PROBLEM STATEMENT: The full set of entries below is to be returned unchanged.

EXTRACTED MATERIAL:
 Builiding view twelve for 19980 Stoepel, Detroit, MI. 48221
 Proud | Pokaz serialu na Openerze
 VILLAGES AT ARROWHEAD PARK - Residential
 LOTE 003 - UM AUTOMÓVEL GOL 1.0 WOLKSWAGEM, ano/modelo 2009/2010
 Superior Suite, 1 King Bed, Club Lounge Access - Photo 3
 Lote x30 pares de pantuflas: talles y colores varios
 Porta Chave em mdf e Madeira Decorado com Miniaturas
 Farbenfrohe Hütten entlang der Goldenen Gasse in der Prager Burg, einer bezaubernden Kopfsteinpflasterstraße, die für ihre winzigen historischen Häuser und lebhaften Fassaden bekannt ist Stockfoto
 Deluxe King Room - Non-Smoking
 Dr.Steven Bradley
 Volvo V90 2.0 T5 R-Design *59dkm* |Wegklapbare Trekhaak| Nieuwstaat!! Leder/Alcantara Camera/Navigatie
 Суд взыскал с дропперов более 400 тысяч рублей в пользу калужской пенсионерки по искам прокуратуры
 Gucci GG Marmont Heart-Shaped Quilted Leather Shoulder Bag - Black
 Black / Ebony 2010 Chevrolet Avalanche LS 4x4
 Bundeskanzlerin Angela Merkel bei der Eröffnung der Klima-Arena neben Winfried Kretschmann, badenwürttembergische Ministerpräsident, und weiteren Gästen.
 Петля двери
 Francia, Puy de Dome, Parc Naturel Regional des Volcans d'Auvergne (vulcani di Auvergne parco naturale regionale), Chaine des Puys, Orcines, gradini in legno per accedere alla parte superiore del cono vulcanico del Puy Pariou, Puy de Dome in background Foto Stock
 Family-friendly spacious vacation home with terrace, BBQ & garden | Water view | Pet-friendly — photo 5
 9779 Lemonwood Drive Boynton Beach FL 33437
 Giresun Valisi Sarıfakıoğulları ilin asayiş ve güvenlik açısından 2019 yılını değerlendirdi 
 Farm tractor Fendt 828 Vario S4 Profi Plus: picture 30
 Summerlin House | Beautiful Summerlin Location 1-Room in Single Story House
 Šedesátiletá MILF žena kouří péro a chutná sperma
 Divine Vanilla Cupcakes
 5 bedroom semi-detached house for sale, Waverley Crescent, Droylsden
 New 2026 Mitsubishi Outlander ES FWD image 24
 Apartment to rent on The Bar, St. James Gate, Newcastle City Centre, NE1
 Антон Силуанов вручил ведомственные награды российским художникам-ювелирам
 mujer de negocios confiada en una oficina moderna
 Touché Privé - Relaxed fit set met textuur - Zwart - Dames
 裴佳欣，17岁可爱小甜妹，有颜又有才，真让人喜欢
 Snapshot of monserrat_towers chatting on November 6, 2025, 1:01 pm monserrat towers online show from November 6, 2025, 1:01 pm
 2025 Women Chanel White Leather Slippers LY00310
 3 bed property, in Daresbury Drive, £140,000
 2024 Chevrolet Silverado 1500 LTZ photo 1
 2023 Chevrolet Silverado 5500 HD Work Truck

TASK SOLUTION:
 Builiding view twelve for 19980 Stoepel, Detroit, MI. 48221
 Proud | Pokaz serialu na Openerze
 VILLAGES AT ARROWHEAD PARK - Residential
 LOTE 003 - UM AUTOMÓVEL GOL 1.0 WOLKSWAGEM, ano/modelo 2009/2010
 Superior Suite, 1 King Bed, Club Lounge Access - Photo 3
 Lote x30 pares de pantuflas: talles y colores varios
 Porta Chave em mdf e Madeira Decorado com Miniaturas
 Farbenfrohe Hütten entlang der Goldenen Gasse in der Prager Burg, einer bezaubernden Kopfsteinpflasterstraße, die für ihre winzigen historischen Häuser und lebhaften Fassaden bekannt ist Stockfoto
 Deluxe King Room - Non-Smoking
 Dr.Steven Bradley
 Volvo V90 2.0 T5 R-Design *59dkm* |Wegklapbare Trekhaak| Nieuwstaat!! Leder/Alcantara Camera/Navigatie
 Суд взыскал с дропперов более 400 тысяч рублей в пользу калужской пенсионерки по искам прокуратуры
 Gucci GG Marmont Heart-Shaped Quilted Leather Shoulder Bag - Black
 Black / Ebony 2010 Chevrolet Avalanche LS 4x4
 Bundeskanzlerin Angela Merkel bei der Eröffnung der Klima-Arena neben Winfried Kretschmann, badenwürttembergische Ministerpräsident, und weiteren Gästen.
 Петля двери
 Francia, Puy de Dome, Parc Naturel Regional des Volcans d'Auvergne (vulcani di Auvergne parco naturale regionale), Chaine des Puys, Orcines, gradini in legno per accedere alla parte superiore del cono vulcanico del Puy Pariou, Puy de Dome in background Foto Stock
 Family-friendly spacious vacation home with terrace, BBQ & garden | Water view | Pet-friendly — photo 5
 9779 Lemonwood Drive Boynton Beach FL 33437
 Giresun Valisi Sarıfakıoğulları ilin asayiş ve güvenlik açısından 2019 yılını değerlendirdi 
 Farm tractor Fendt 828 Vario S4 Profi Plus: picture 30
 Summerlin House | Beautiful Summerlin Location 1-Room in Single Story House
 Šedesátiletá MILF žena kouří péro a chutná sperma
 Divine Vanilla Cupcakes
 5 bedroom semi-detached house for sale, Waverley Crescent, Droylsden
 New 2026 Mitsubishi Outlander ES FWD image 24
 Apartment to rent on The Bar, St. James Gate, Newcastle City Centre, NE1
 Антон Силуанов вручил ведомственные награды российским художникам-ювелирам
 mujer de negocios confiada en una oficina moderna
 Touché Privé - Relaxed fit set met textuur - Zwart - Dames
 裴佳欣，17岁可爱小甜妹，有颜又有才，真让人喜欢
 Snapshot of monserrat_towers chatting on November 6, 2025, 1:01 pm monserrat towers online show from November 6, 2025, 1:01 pm
 2025 Women Chanel White Leather Slippers LY00310
 3 bed property, in Daresbury Drive, £140,000
 2024 Chevrolet Silverado 1500 LTZ photo 1
 2023 Chevrolet Silverado 5500 HD Work Truck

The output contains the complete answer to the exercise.